19e colloque de l'AEDDHUM : de Gênes à Fukushima, perceptions et gestions du risque

Mercredi 14 mars, 13h30

Face à la norme

Président de panel : Philippe Généquand

Entre le Droit et la Grâce. Analyse d’une supplique adressée à la Pénitencerie apostolique pendant le Schisme d’Avignon

Alexia Ballard, Histoire, Université de Montréal

Pourquoi l’avancement d’une carrière ecclésiastique, au début du XVe siècle, peut-elle nécessiter l’octroi de dispenses ? C’est à partir de cette problématique que nous entendons analyser une source, c’est-à-dire une supplication adressée par Gilles Vrieleghem à la Pénitencerie apostolique en date du 16 mai 1411. Cette lettre fut rédigée à la suite du concile pisan, à la déposition des deux autres pontifes, Pedro de Luna et Angelo Correr et à l’élection d’un nouveau pape, Martin V. Le changement d’obédience de son diocèse force l’impétrant à s’adresser à la Pénitencerie pour s’assurer de la validité de ses dispenses précédemment autorisées et pour garantir la jouissance sereine de ses bénéfices.
L’usage de l’expression «peut nécessiter » est une nuance importante. Tous les candidats pour la cléricature ne doivent pas être forcément dispensés s’ils ne contreviennent pas au droit canon. Ce « flottement », qui implique un certain risque pour l’impétrant de perdre la possession de ses bénéfices, sera étudié à travers le cas de Gilles Vrieleghem. Ce dernier est considéré comme irrégulier, conséquence de sa naissance illégitime. Nous allons éclairer, avec l’exemple de ce prêtre et d’autres clercs, la nécessité pour toute personne irrégulière en vertu du droit canon d’obtenir des dispenses. Celles-ci sont obligatoires si le candidat souhaite accéder à la cléricature ou gravir les échelons hiérarchiques.

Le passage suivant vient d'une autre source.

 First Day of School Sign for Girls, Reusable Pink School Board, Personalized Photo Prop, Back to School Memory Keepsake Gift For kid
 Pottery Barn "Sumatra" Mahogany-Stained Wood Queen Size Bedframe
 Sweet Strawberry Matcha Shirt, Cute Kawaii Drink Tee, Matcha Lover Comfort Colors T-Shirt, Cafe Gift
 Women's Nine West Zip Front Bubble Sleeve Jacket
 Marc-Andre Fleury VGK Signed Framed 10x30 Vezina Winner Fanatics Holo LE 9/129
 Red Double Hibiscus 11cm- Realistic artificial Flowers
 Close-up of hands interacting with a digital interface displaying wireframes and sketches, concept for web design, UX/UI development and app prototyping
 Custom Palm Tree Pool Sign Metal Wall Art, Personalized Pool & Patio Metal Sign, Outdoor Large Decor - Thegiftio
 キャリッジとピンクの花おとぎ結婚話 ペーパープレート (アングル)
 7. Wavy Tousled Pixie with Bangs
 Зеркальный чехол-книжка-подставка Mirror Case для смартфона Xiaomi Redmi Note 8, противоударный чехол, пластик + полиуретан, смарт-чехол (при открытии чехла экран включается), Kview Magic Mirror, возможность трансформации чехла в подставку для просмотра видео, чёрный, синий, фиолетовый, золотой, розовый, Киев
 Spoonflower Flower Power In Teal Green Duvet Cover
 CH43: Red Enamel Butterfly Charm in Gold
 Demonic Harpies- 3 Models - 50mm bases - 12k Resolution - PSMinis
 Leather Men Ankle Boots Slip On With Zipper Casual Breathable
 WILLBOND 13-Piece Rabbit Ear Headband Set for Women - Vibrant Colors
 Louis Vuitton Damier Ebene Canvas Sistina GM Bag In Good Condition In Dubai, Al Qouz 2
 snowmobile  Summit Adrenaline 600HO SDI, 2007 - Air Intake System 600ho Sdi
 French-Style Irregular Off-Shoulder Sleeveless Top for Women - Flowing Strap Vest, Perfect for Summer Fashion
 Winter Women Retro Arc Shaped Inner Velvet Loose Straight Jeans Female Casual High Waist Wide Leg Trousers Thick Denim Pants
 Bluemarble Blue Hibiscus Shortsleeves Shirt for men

Pourquoi les Nubiens sont-ils noirs? Justification des préjugés envers les étrangers dans les textes antiques

Raphaël Weyland, Histoire, Université de Montréal

Les textes anciens demeurent, malgré les progrès fulgurants de l’archéologie et de certains sciences auxiliaires comme l’épigraphie ou la numismatique, nos sources principales pour la connaissance de l’Antiquité. Il est cependant nécessaire de ne pas les lire au premier degré, sans réaliser qu’ils proviennent d’un ensemble culturel totalement différent du nôtre. Les préjugés et les sous-entendus de ces textes forment une riche mine d’informations qu’on ne peut exploiter qu’en les étudiant adéquatement. Partant de ce constat, cette présentation porte sur les principaux critères utilisées par les sources antiques pour expliquer les différences entre les peuples (l’alimentation, la géographie, les ancêtres, l’éloignement de la civilisation, etc.), cette présentation se sert de la figure de l’Oriental, figure extrêmement importante dans l’imaginaire et la littérature gréco-romains, pour donner un exemple des préjugés des Grecs et des Romains à l’égard d’autres peuples ainsi que la manière dont certaines explications de ces variations peuvent prendre le pas sur d’autres. Cette présentation montre d’autre part que ces préjugés sont changeants et que certains peuples (les Parthes par exemple, sauvages des steppes et orientaux mollassons) peuvent être l’objet d’une interprétation mixte.